Combs &c. Families
Email From Sam Whitby, Cumbo/Cumbia family researcher [21 Mar 2002]
Dear Combs Family Webmaster,
This morning at the Library of Virginia in Richmond, VA, I checked the Halifax County Virginia Marriage Bond and Register, No. 1, 1753-1889, on microfilm. On p. 55 there was a record of the marriage of Thomas Comba [that spelling] to Agness Wetherford [that spelling], January 12, 1804. Henry J. Cobb was bondsman. The witness name was illegible, but it looked like Charles Cumby.
I had seen the document before, and I checked it again this morning, just to be sure before writing to you. It seemed that you might find this interesting, because you mentioned the marriage on your Combs family genealogy page. It is interesting to me because I am a descendent of Thomas Cumby and his wife Agness [also spelled Agnes]. Thomas's surname has been spelled several ways, including Cumba, Cumboa, Comboa, and Cumbey. Later, it was usually Cumby. I have seen it spelled Combs or Cumbs only in transcriptions that were - to be kind- in error. The variant spellings were due to the fact that Thomas could not read or write, and his name was spelled the way it sounded to various officials who needed to record it.
Thomas and Agness had three children whose names are known to me: Major Weatherford Cumbia, George A. Cumby/later Cumbia, and Catharine Cumby Pritchard. There were at least three more male sons who I have not been able to identify. George Cumby was my great grandfather's father. By the time my grandfather arrived on the scene, the surname of his branch was spelled Cumbia.
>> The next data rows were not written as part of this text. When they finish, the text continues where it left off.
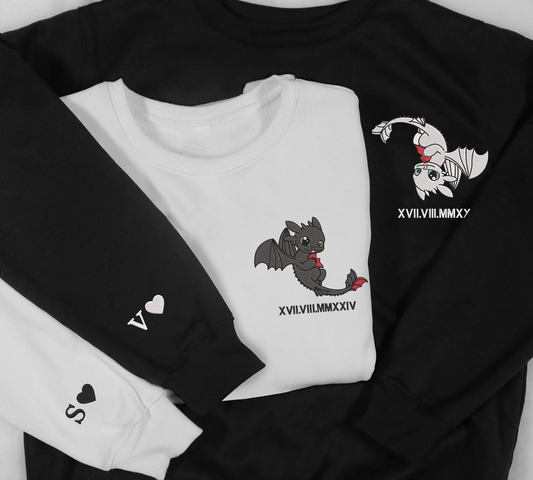 Valentine Personalized Embroidered Roman Numeral Dragon Couple Hoodie Sweatshirt T-Shirt
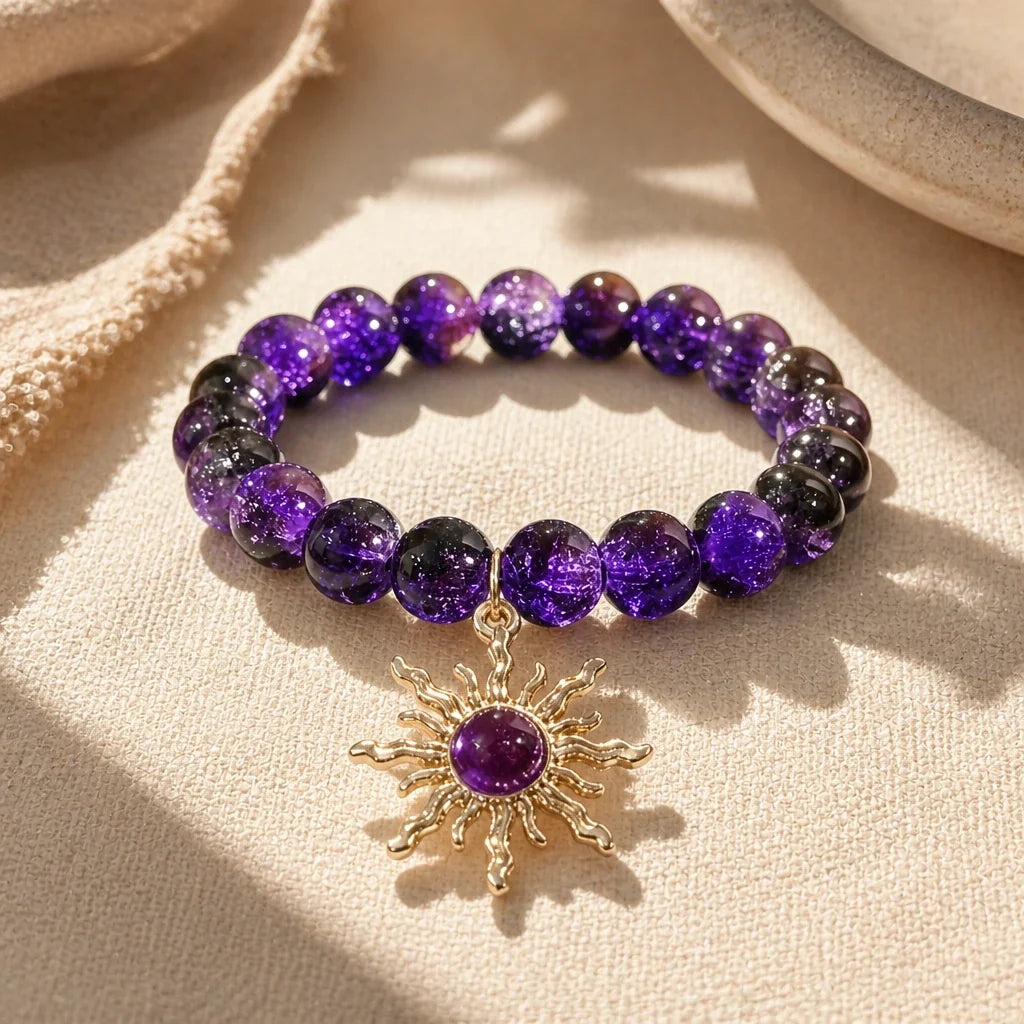 Sunburst Bead Amethyst Bracelet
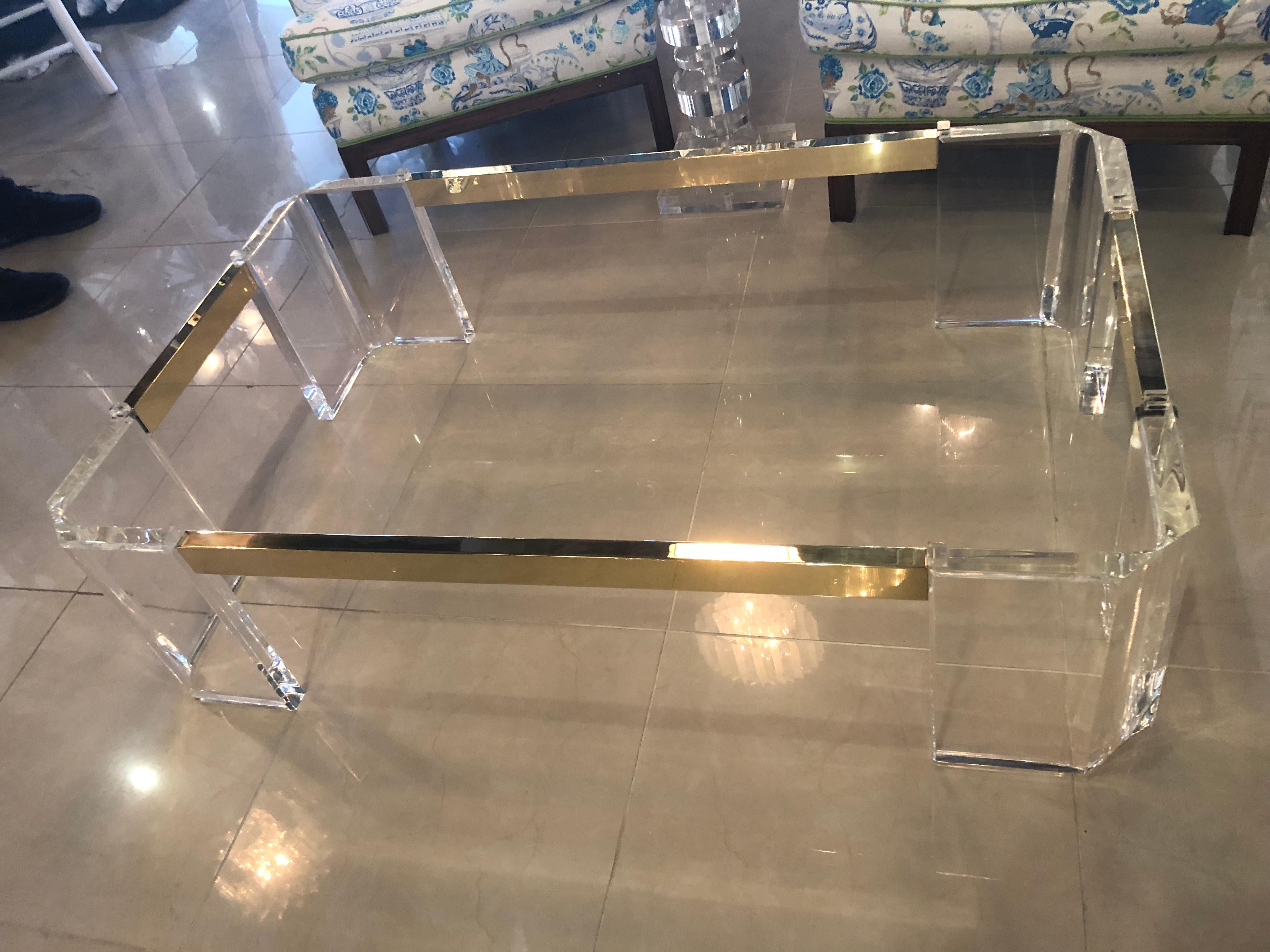 Vintage Signed Michael Oguns Chunky Lucite and Brass Cocktail Coffee Table 1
I will admit to you that I doubt that there is much if any family connection between the Combs and Cumby lines. Your page was still interesting, and you have obviously done a lot of careful work. You are generous and kind to share the information on the Internet. I hope to check your page from time to time, and I expect it to remain interesting and to perhaps be useful to Cumby family researchers. Maybe the above notes on Thomas and Agness will be helpful to you.
Agness's father, by the way, was Rev. John Weatherford, one of the first Baptist preachers in America. Rev. Weatherford was thrown in the Chesterfield jail for preaching without a license. Patrick Henry represented him, in what was an early religious freedom case.The story is that the Rev. almost drove his jailors crazy with his loud and incessant preaching. The jailors beat him on the hands as he held himself up to the jailhouse window by the bars, leaving scars that remained for the rest of his life.